Question
the average tectonic plat moves at the rate of 0.006m per year how many meters would it move in 2x10^6 years write in scientific notation
Answers
GPT-4o mini
To find out how far a tectonic plate would move in \(2 \times 10^6\) years, you multiply the rate of movement by the time:
\[
\text{Distance} = \text{Rate} \times \text{Time}
\]
Given that the average tectonic plate moves at a rate of \(0.006\) meters per year, we can set up the calculation:
\[
\text{Distance} = 0.006 \, \text{m/year} \times 2 \times 10^6 \, \text{years}
\]
Now, performing the multiplication:
\[
\text{Distance} = 0.006 \times 2 \times 10^6
\]
First, we multiply \(0.006\) by \(2\):
\[
0.006 \times 2 = 0.012
\]
Now, we multiply this by \(10^6\):
\[
\text{Distance} = 0.012 \times 10^6
\]
To express \(0.012\) in scientific notation, it can be written as \(1.2 \times 10^{-2}\).

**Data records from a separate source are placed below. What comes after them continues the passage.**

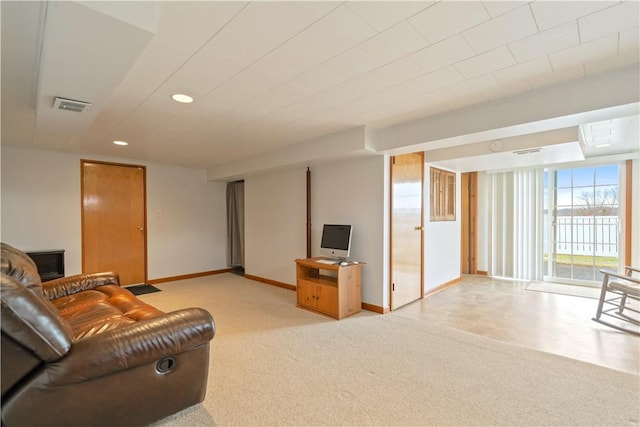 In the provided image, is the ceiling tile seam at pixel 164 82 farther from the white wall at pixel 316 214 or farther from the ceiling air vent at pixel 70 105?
the white wall at pixel 316 214

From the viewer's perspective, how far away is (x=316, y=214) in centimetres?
452

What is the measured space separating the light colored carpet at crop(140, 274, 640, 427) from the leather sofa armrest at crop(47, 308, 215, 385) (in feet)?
1.61

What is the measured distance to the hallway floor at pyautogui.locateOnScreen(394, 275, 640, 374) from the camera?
102 inches

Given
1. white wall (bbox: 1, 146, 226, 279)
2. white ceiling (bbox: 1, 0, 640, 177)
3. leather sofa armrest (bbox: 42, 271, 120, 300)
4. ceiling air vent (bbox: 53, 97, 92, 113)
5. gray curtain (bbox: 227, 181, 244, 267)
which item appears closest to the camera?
white ceiling (bbox: 1, 0, 640, 177)

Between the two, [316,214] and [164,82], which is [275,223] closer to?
[316,214]

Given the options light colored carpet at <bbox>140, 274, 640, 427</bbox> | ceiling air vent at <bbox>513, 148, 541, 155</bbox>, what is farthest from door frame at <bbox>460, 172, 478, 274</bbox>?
light colored carpet at <bbox>140, 274, 640, 427</bbox>

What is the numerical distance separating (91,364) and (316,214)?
3.34 metres

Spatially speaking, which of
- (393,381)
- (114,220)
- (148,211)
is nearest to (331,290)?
(393,381)

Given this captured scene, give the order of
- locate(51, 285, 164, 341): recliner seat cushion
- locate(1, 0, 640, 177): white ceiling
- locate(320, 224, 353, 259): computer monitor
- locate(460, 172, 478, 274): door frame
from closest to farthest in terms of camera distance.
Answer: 1. locate(1, 0, 640, 177): white ceiling
2. locate(51, 285, 164, 341): recliner seat cushion
3. locate(320, 224, 353, 259): computer monitor
4. locate(460, 172, 478, 274): door frame

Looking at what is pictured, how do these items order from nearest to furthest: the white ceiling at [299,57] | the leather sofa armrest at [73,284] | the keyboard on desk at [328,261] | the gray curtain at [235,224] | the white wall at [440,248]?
1. the white ceiling at [299,57]
2. the leather sofa armrest at [73,284]
3. the keyboard on desk at [328,261]
4. the white wall at [440,248]
5. the gray curtain at [235,224]

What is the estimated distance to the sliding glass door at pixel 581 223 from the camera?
4.84 metres

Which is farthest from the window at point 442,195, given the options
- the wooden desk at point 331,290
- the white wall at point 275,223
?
the white wall at point 275,223

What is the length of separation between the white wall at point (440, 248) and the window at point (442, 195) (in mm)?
117

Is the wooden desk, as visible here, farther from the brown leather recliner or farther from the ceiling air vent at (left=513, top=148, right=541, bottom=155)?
the ceiling air vent at (left=513, top=148, right=541, bottom=155) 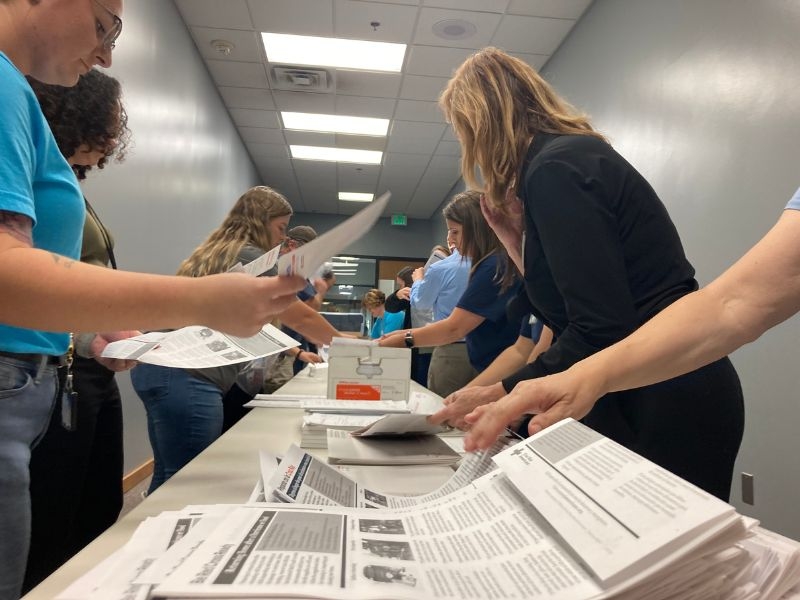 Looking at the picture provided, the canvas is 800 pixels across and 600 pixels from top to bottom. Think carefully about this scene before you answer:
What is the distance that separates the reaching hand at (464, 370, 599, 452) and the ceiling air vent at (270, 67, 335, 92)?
3.96 m

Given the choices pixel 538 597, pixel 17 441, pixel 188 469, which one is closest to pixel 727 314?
pixel 538 597

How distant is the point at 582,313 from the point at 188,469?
64 centimetres

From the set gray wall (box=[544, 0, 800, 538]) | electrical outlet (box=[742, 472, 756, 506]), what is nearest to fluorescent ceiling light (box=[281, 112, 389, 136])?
gray wall (box=[544, 0, 800, 538])

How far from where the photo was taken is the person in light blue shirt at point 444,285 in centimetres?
256

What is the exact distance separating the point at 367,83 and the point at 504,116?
349cm

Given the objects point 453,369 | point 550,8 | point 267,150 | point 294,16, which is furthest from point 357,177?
point 453,369

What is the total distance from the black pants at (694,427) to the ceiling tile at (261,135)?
17.1ft

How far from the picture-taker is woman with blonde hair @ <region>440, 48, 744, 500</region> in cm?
Answer: 79

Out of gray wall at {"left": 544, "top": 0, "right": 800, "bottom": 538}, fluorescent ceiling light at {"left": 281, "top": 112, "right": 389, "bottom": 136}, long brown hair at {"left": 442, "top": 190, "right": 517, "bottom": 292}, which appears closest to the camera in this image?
gray wall at {"left": 544, "top": 0, "right": 800, "bottom": 538}

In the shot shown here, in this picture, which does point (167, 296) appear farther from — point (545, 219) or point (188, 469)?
point (545, 219)

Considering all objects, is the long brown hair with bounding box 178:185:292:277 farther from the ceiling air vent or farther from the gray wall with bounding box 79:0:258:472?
the ceiling air vent

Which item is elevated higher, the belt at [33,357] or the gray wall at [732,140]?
the gray wall at [732,140]

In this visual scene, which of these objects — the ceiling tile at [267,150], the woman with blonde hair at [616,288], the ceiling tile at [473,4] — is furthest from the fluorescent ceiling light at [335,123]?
the woman with blonde hair at [616,288]

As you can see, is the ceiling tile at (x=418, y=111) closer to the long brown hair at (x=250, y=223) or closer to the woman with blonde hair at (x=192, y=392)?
the long brown hair at (x=250, y=223) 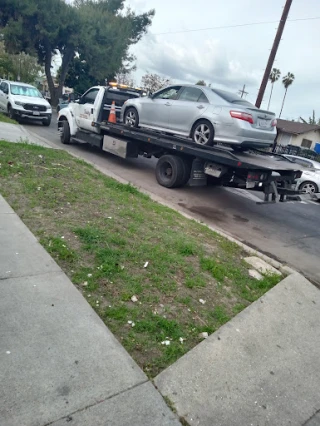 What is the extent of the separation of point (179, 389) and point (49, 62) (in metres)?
36.4

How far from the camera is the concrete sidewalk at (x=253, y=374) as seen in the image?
2363mm

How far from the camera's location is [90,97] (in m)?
11.3

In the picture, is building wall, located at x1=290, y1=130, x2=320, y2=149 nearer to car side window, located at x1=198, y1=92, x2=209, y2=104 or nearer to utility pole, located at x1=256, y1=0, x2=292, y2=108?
utility pole, located at x1=256, y1=0, x2=292, y2=108

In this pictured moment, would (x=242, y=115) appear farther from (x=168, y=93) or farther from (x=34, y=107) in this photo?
(x=34, y=107)

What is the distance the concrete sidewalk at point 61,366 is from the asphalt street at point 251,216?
3.58 metres

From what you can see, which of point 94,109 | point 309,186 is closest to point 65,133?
point 94,109

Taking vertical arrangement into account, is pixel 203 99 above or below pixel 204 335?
above

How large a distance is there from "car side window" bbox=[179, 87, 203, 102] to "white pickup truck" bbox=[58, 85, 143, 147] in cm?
314

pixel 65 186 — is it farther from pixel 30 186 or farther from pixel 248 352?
pixel 248 352

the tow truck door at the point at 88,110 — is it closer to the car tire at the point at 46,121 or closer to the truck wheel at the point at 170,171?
the truck wheel at the point at 170,171

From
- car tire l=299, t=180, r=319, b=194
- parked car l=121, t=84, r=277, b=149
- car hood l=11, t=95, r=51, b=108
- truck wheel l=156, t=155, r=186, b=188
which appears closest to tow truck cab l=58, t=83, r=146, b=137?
parked car l=121, t=84, r=277, b=149

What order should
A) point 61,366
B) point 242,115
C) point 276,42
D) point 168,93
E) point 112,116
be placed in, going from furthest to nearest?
point 276,42 < point 112,116 < point 168,93 < point 242,115 < point 61,366

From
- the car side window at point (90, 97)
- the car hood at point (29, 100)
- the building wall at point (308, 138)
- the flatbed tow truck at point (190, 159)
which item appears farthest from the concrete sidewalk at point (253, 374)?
the building wall at point (308, 138)

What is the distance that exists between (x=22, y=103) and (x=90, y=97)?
639 cm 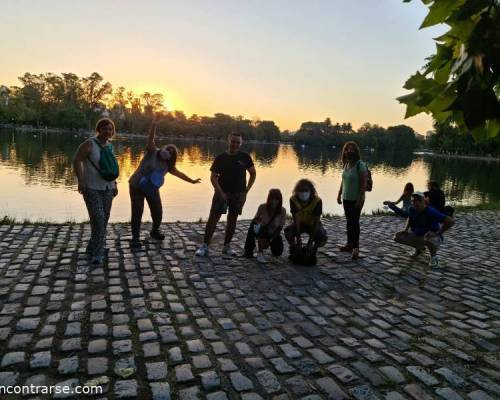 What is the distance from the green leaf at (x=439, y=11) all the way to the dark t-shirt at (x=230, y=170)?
5250 mm

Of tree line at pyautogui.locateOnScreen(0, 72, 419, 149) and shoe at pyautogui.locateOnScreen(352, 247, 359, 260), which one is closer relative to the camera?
shoe at pyautogui.locateOnScreen(352, 247, 359, 260)

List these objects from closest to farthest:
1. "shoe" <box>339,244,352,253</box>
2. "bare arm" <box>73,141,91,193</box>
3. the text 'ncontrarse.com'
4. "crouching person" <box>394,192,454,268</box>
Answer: the text 'ncontrarse.com'
"bare arm" <box>73,141,91,193</box>
"crouching person" <box>394,192,454,268</box>
"shoe" <box>339,244,352,253</box>

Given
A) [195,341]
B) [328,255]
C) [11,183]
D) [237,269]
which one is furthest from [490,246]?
[11,183]

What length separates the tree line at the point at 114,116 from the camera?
91.8 metres

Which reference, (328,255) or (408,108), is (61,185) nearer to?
(328,255)

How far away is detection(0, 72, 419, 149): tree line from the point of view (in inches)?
3612

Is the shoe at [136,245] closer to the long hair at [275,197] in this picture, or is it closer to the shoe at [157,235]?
Result: the shoe at [157,235]

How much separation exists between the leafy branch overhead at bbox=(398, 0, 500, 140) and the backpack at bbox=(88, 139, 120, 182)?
16.7 feet

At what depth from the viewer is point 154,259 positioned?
20.1ft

Therefore:
\[
\text{Distance} = 1.2 \times 10^{-2} \times 10^6 = 1.2 \times 10^{4} \, \text{m}
\]
So, the tectonic plate would move \(1.2 \times 10^{4}\) meters in \(2 \times 10^6\) years.
\[
\text{Distance} = \text{Rate} \times \text{Time}
\]
Given that the average tectonic plate moves at a rate of \(0.006\) meters per year, we can set up the calculation:
\[
\text{Distance} = 0.006 \, \text{m/year} \times 2 \times 10^6 \, \text{years}
\]
Now, performing the multiplication:
\[
\text{Distance} = 0.006 \times 2 \times 10^6
\]
First, we multiply \(0.006\) by \(2\):
\[
0.006 \times 2 = 0.012
\]
Now, we multiply this by \(10^6\):
\[
\text{Distance} = 0.012 \times 10^6
\]
To express \(0.012\) in scientific notation, it can be written as \(1.2 \times 10^{-2}\). Therefore:
\[
\text{Distance} = 1.2 \times 10^{-2} \times 10^6 = 1.2 \times 10^{4} \, \text{m}
\]
So, the tectonic plate would move \(1.2 \times 10^{4}\) meters in \(2 \times 10^6\) years.